Starting from their voices we discover what it was like to be a child in these times and what it was to be an artist creating under the weight of an ideology. Through their stories we’ll be brought through a voyage in history from the political and historical developments behind the Iron Curtain to the present day. A journey that will reflect the dynamically growing gap between ideals and reality.



The makers of these animated film have the common biographical trait of having lived on their skin the horrors of the second world war. Coming out of it, they did not only try to infuse  their creations with the hope for a better society but they also strongly identified with the ideals of socialist regimes. But what has come of those? Following the narration we discover that, what often started as a collective artistic project was, through the years, disrupted by the reality: the reality o living under a regime first, and capitalism later. Testiomony to this are the stories of how some of the artist had to pay their opposition with prison, and how what started as a collective endeavor ended in legal wars for copyrights.

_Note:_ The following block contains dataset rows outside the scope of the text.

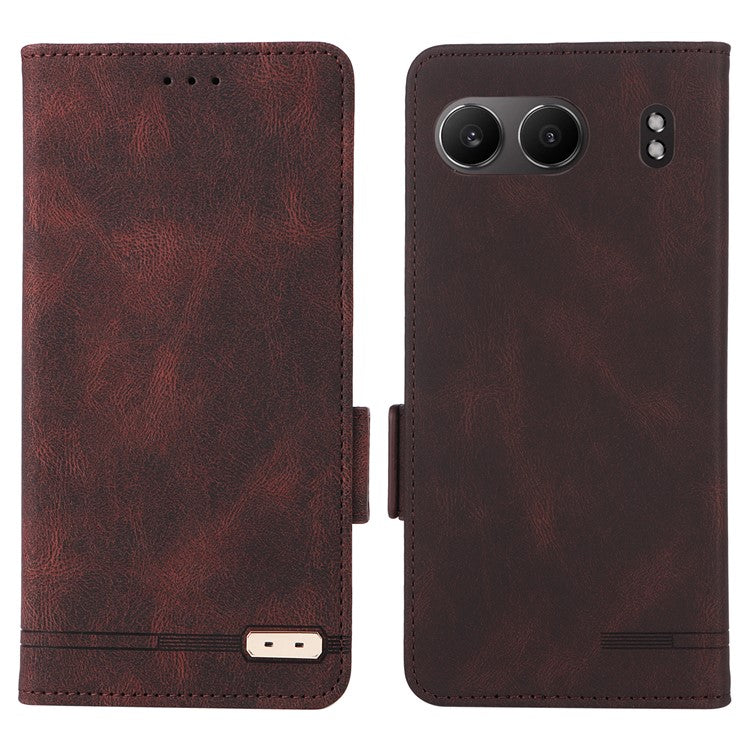 For OnePlus Nord 4 Case Leather Wallet Flip Phone Cover with Hardware Decor - Coffee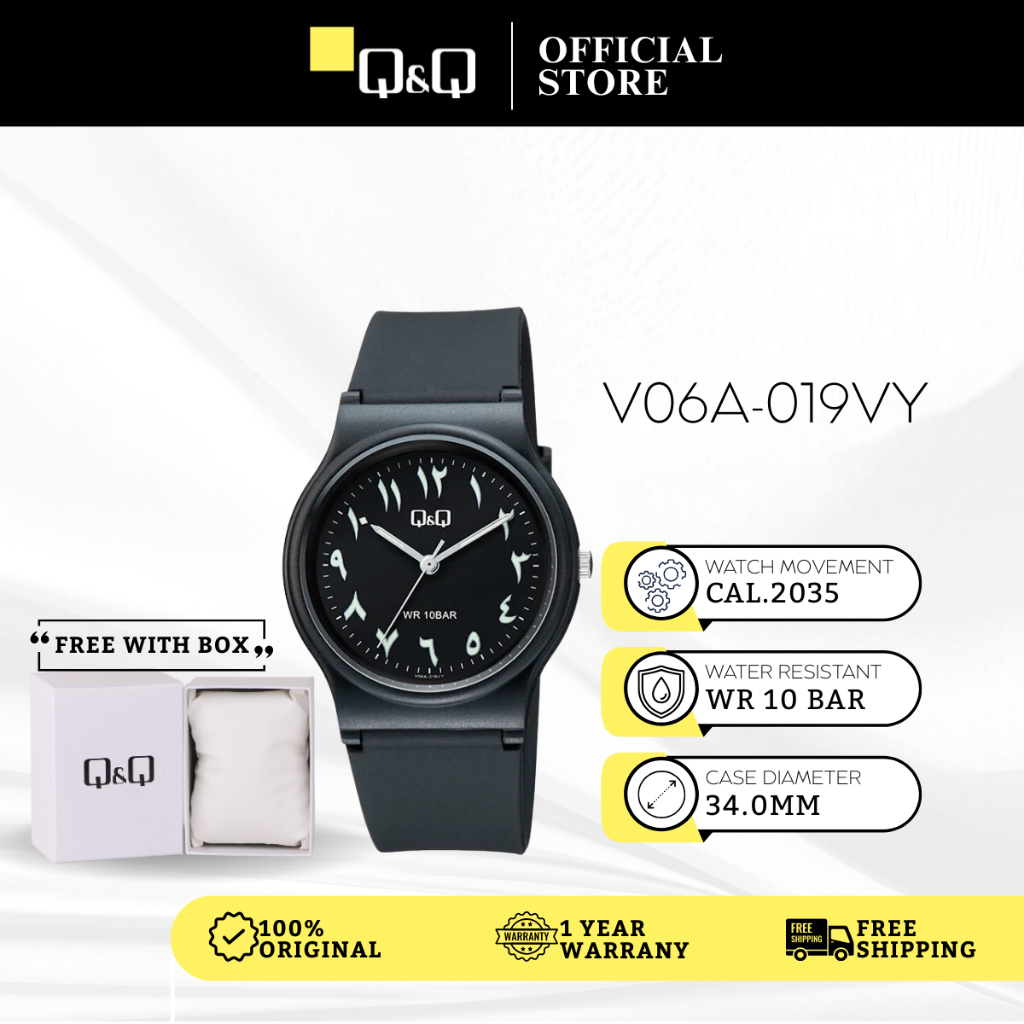 Q&Q Japan by Citizen Jam Tangan Wanita Ladies ' Resin Arabic Dial Watch ...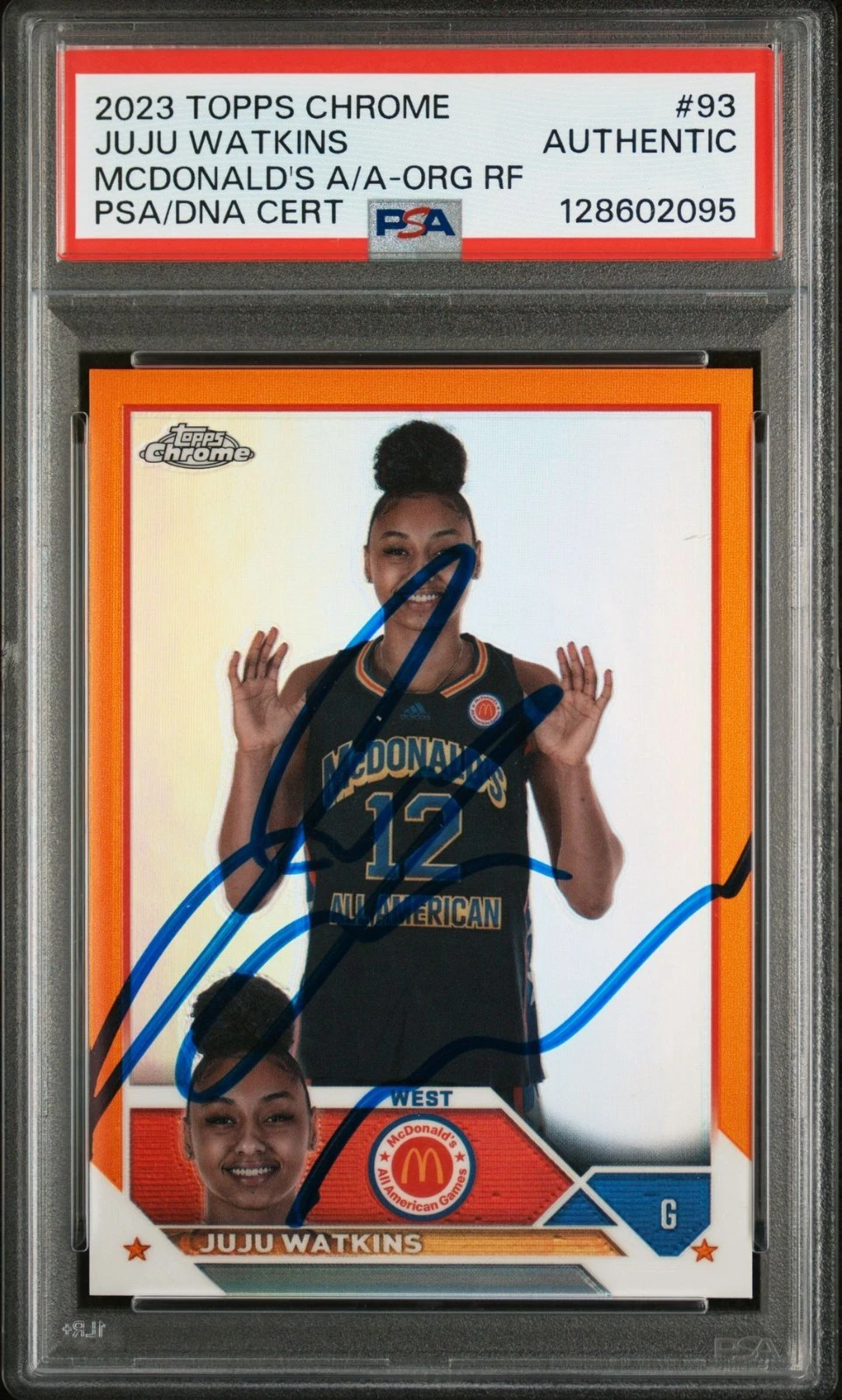 JuJu Watkins Signed 2023 Topps Chrome McDonalds Orange Rookie /25 #93 Psa Auto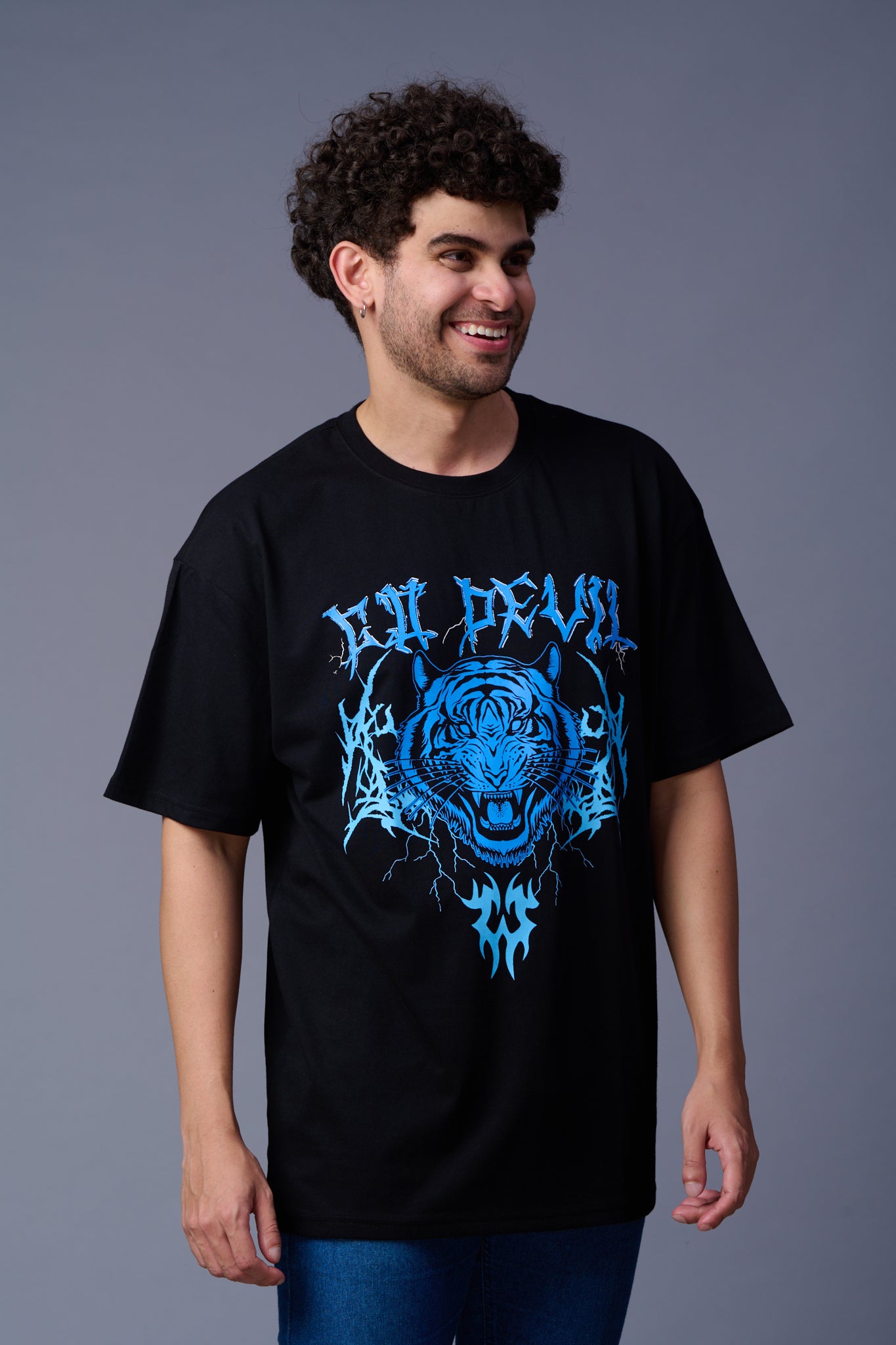 Tiger in Blue Printed Black   Oversized T-Shirt for Men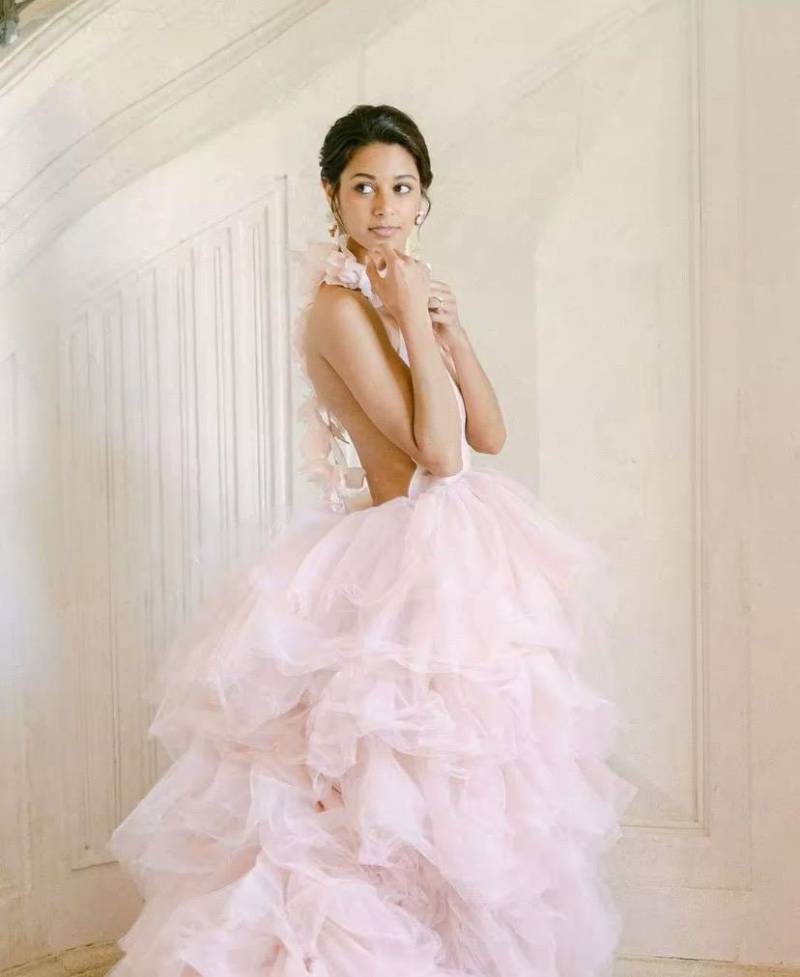 Elegant Light Pink Long Train Maxi Tulle Dress, Fluffy Tiered Halter Backless Dress, Women Evening Party Photoshoot Dress Elegant Light Pink Long Train Maxi Tulle Dress, Fluffy Tiered Halter Backless Dress, Women Evening Party Photoshoot Dress von LRYshopz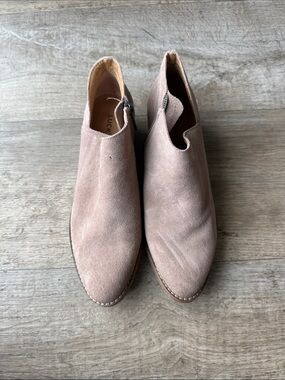 Lucky Brand Taupe Suede Slip-On Ankle Booties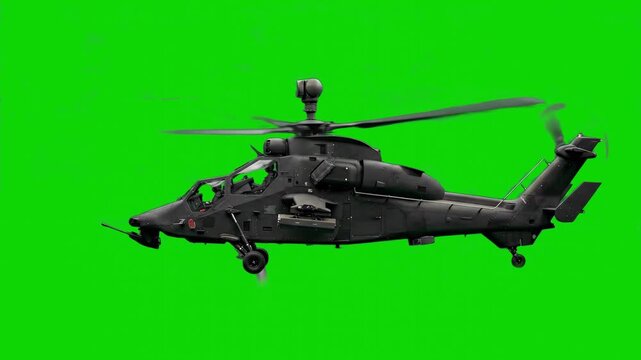 A dark grey AH-64 Apache military helicopter shown in a side profile view with spinning main rotors on a solid chroma key background. Optimized for high-end special effects, video editing, and combat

The ideals were lost but what was left were these cartoons, often works of art. They projected a very different world view of what the western cartoons were doing. They were not about competition or violence. They focused on cooperation, friendship and harmony. After the Iron Curtain fell, they got a life for themselves and continued to be distributed all over the world.


Each country had their own very famous series broadcasted to all the eastern block and beyond. Today countless comments populate the youtube uploads of these cartoons. People from countries as diverse as Syria, Iraq, Mozambique, Turkmenistan  identify themselves in these films.


Today families all over the world gathered in front of the TV-screens to watch a Czechoslovak or Polish cartoon. So to say, the ideals of a small group of makers from the collective Socialist animation studios have influenced and inspired children through the barriers of generations and borders.





The documentary will mostly focus on the creations from:




Bolek & Lolek: shown in 90 countries.



Miś Uszatek - „Teddy Floppy-ear”: shown in 22 countries.






Pat and Mat - „The Neighbours": shown in western Europe.




Krtek - „The Mole": shown in 60 countries.






Das Sandmännchen: shown in ca. 20 countries.